Congress has tried to reform itself in the past, usually with good intentions. But few are impressed with the results. That speaks to a need to acknowledge how Congress works.
One of Congress's big problems is that it is more ethical and transparent than most American businesses.
We'll wait for a moment to let that sink in fully.
Yes, Congress is the least popular institution in the United States – less popular than banks, labor unions, or even television news, according to Gallup – in part because attempts to reform it just made things worse, often in unintended ways.
But before we put Congress on a ice floe and shove it out to sea to put it out of its misery, however, consider this: These reforms didn't come for poor motives, necessarily. They simply ran afoul of how Congress actually gets things done. The result is that they have seized up the gears of Congress – or, in the slightly more humorous words of former House Speaker Dennis Hastert, locked Congress “in some isolated dodge-ball game.”
Take the transparency movement that began the 1970s. It opened floor and committee hearings for a noble goal: to open a window to the public on the bargaining on big issues that went on among members.
But what happened? The actual negotiations shifted down to the staff level, where public access is not required. The fact is, it turned out, the lawmaking process is not something suited for klieg lights and television cameras. If every word is being recorded – potentially for use in some future attack ad – then the process devolves into superficial political point-scoring rather than political dealmaking.
As a result, the markup process by which members worked out details of legislation, and which once went on for days, is now handled mainly by staff, out of range of television cameras, press, or public. Conference committees have become mostly mere formalities, if they bother to convene at all.
Here are another few examples of how an attempt to reform Congress for the better has perhaps only made things worse:
Earmarks. Congressional earmarks, or “member projects,” drove tea partyers crazy. Along with early reformers, they called member projects the “gateway drug” to big government spending addiction. Moreover, they resulted in government "pork" that was easy to cartoon, such as tea pot museums or federal studies on no-flush urinals for submarines.
The GOP-controlled House banned earmarks in 2011. Now, the thinking went, legislators would stop wasting all that time on directing funding to one’s state or district and would instead focus on reducing deficits.
How well did that work?
But the fact is, earmarks accounted for less than 1 percent of spending in annual budgets. And there's a reason they were called "pork": They greased the process so that legislators would be willing to make tough decisions. Every budget involves tough decisions. So when earmarks ended, so did much of the leverage that party leaders had in the legislative bargaining process, making it much harder to round up votes on a tough bill or avert a threatened government shutdown.
Deficit spending continues apace, and since earmarks were banned, not a single budget has been passed on time.
Live in your district. When the Republicans swept back into power in the House for the first time in 42 years after 1994 elections, leadership told members not to move their families to Washington, otherwise they will lose contact with their districts and risk being voted out in the next election. Over time, the live-at-home “reform” was also adopted by many Democrats.

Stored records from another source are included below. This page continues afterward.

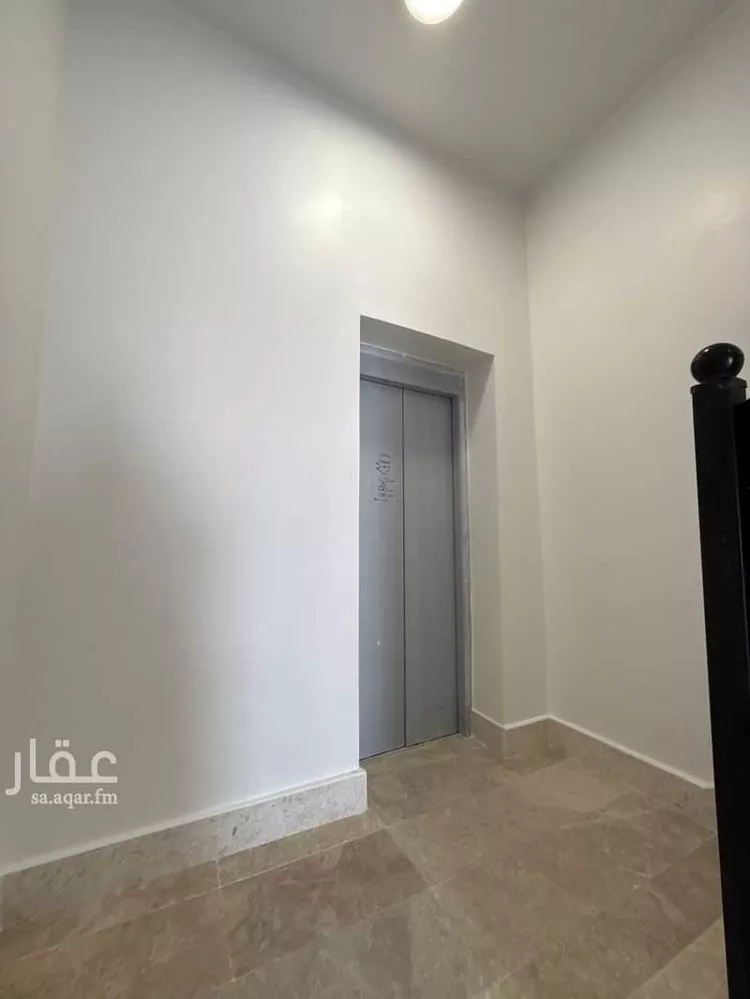 دور للبيع في شارع خلة, حي السعادة, مدينة الرياض, منطقة الرياض صورة 2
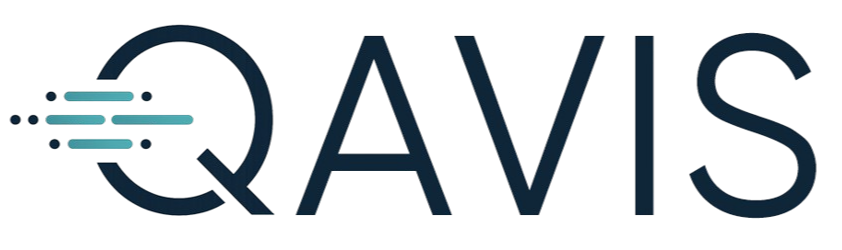 Qavis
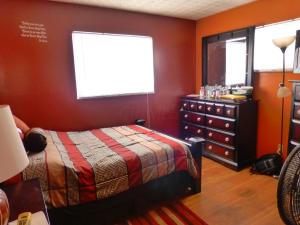 4330 Danforth Rd, Columbus, OH 43224 photo 15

The result has been a work week that begins Tuesday afternoon and ends after morning votes on Thursday. The new calendar leaves time for fund-raising in the evenings, but little time for serious committee work and even less for the social networking across the aisle that has long been an element of creative lawmaking on Capitol Hill.
Money in politics. How campaign spending reform wound up where it is now is a complex story. But just consider one outcome of the effort to rein in campaign cash: Spending on the North Carolina US Senate race is on track to top $110 million, much of it spending by outside groups not required to disclose their contributors, making it the most expensive race in US Senate history. If anything, the reform left members more committed to fundraising in a bid to keep up with the threat of surprise spending by so-called dark money groups.
The irony is that, despite all these reforms, Congress's popularity has plummeted. A new Rasmussen Reports survey finds that just eight percent of likely US voters say that Congress is doing a good or excellent job.
Gallup found that most Americans now view most members of Congress as “out of touch” (81 percent), focused on the needs of special interests (69 percent), and corrupt (54 percent), although they tend to see their own member of Congress as not quite so bad.
Sheesh, imagine if members hadn't kept homes in their districts, passed transparency laws, or tried to rein in campaign money.